##### Input material #####

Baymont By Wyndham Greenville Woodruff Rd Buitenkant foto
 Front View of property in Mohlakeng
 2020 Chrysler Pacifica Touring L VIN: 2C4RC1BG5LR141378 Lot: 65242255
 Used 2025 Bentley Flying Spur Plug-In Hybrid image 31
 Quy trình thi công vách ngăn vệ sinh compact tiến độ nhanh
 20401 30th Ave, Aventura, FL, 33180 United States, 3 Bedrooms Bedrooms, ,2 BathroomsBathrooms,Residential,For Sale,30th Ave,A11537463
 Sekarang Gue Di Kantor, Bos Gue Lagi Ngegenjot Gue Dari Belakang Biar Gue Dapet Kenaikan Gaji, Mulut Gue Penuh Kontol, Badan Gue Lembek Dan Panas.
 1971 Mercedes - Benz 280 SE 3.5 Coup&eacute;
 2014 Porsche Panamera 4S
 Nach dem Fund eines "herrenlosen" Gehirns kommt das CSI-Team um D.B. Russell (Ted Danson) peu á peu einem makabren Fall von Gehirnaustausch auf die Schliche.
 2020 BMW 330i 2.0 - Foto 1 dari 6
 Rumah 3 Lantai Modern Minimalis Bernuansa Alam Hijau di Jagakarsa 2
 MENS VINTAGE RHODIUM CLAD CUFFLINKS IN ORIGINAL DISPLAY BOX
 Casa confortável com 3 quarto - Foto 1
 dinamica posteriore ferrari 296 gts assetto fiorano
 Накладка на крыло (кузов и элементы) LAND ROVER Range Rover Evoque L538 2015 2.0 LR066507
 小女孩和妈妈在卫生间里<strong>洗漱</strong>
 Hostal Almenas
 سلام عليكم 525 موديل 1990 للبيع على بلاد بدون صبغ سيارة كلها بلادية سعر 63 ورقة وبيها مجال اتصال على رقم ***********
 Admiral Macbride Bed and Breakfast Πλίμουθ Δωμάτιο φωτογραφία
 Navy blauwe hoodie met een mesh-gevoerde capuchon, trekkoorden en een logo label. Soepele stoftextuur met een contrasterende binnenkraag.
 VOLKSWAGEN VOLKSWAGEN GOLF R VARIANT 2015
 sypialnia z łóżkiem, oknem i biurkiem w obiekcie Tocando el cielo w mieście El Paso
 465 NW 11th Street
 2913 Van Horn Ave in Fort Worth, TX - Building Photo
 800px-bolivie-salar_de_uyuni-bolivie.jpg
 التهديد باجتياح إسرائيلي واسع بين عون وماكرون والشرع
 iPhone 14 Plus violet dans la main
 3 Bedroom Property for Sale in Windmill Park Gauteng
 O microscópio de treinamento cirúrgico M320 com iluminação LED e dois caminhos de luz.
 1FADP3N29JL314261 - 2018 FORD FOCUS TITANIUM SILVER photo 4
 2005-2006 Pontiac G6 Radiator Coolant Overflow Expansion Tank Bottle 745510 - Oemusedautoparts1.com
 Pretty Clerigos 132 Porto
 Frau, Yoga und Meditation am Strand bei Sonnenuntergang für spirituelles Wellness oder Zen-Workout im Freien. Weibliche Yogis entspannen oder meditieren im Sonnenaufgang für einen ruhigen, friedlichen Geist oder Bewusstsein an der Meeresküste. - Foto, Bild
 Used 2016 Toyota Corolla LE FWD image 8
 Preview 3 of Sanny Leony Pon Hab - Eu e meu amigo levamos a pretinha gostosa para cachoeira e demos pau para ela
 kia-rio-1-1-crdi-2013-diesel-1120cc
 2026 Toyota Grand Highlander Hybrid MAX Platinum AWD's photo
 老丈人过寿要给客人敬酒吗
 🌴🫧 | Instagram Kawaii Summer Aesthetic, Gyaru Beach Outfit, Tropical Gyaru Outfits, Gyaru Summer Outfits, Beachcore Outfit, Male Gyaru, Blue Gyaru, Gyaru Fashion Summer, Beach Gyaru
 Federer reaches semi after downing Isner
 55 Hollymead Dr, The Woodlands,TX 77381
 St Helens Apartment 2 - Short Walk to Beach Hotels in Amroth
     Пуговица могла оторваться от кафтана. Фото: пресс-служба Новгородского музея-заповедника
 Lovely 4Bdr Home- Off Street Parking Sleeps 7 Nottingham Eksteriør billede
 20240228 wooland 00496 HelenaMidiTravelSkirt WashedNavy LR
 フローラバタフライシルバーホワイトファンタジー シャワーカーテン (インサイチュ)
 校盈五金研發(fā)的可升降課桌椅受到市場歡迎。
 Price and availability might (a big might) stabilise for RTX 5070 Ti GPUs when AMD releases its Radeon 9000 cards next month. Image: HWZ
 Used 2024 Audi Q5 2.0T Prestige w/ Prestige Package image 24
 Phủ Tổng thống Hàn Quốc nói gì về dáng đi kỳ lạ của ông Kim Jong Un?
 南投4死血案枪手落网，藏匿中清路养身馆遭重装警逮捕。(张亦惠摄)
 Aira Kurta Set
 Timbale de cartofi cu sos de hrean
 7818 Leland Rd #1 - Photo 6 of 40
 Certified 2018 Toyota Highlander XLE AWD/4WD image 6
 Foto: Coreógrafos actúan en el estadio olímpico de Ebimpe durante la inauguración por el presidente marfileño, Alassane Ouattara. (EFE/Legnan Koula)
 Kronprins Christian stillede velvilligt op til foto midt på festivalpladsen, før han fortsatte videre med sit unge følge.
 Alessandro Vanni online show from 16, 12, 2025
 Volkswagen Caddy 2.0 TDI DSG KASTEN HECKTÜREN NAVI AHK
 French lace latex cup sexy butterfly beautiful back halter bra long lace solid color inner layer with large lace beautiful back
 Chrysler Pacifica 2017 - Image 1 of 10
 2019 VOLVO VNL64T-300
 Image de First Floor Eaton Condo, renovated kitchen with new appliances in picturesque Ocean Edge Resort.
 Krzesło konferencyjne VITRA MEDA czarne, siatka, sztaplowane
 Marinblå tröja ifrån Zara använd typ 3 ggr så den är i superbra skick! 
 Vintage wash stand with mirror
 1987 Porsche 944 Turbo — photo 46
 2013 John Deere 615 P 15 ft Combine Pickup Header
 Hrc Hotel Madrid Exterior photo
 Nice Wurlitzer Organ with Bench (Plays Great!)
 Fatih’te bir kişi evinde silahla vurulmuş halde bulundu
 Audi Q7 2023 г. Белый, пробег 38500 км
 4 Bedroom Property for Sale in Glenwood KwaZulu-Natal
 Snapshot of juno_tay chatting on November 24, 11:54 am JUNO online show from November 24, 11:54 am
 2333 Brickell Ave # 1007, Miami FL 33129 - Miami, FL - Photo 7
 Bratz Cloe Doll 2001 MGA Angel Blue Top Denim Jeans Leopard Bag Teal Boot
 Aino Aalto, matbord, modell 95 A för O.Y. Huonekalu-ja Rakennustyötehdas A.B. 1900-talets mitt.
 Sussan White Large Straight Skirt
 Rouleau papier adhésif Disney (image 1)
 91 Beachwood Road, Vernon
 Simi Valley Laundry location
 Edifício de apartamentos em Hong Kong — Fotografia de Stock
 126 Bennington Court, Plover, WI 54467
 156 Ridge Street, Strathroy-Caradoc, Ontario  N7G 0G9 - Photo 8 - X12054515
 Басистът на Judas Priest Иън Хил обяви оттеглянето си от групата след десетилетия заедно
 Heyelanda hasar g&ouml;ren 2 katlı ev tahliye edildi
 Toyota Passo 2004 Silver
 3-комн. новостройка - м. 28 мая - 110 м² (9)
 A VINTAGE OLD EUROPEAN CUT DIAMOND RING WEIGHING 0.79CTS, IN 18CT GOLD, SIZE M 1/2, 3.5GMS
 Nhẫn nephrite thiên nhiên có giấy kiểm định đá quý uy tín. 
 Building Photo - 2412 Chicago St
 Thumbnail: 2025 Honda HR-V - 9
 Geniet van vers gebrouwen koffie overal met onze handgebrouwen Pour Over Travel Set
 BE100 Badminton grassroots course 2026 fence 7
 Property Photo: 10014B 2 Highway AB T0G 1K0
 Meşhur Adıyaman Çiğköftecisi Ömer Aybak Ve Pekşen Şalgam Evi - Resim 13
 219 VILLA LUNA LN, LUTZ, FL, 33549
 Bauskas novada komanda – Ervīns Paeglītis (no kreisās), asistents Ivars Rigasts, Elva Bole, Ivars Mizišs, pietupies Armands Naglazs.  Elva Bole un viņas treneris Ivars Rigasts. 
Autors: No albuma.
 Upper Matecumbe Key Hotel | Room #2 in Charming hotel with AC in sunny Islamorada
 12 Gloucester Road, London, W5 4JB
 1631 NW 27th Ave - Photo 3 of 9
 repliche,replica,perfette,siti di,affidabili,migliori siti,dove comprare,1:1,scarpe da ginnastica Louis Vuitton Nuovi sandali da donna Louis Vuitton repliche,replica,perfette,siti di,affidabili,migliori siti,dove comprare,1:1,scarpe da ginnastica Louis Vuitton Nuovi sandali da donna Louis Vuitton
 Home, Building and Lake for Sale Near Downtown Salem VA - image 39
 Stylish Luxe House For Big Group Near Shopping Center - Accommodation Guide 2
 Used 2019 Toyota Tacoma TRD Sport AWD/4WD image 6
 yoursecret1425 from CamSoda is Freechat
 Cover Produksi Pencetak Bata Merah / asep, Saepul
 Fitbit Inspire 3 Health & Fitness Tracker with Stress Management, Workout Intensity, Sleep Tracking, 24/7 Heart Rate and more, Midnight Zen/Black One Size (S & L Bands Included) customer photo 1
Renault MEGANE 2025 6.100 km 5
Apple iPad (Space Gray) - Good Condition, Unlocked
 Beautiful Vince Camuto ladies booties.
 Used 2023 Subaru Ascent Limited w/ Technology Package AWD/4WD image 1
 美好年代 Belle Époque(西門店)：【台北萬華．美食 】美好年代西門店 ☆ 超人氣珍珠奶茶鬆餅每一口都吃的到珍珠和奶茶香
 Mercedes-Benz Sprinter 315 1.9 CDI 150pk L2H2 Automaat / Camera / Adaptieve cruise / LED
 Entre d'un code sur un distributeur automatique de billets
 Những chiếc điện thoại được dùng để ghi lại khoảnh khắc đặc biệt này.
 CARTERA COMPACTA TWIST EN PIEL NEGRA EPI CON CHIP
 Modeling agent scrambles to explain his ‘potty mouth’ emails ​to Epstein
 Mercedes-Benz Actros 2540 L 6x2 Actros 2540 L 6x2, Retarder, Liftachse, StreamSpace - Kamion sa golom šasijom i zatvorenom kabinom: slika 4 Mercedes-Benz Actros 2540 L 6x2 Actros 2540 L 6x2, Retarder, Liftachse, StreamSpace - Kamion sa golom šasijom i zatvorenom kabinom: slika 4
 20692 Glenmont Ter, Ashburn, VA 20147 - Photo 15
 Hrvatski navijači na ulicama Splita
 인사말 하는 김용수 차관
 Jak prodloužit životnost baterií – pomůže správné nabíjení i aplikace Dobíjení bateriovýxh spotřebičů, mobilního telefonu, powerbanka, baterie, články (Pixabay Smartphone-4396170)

#####

About this exercise: Beginning with the line that contains "20692 Glenmont Ter, Ashburn, VA", set down every line through the end of the data without change.

Solution to the exercise:
 20692 Glenmont Ter, Ashburn, VA 20147 - Photo 15
 Hrvatski navijači na ulicama Splita
 인사말 하는 김용수 차관
 Jak prodloužit životnost baterií – pomůže správné nabíjení i aplikace Dobíjení bateriovýxh spotřebičů, mobilního telefonu, powerbanka, baterie, články (Pixabay Smartphone-4396170)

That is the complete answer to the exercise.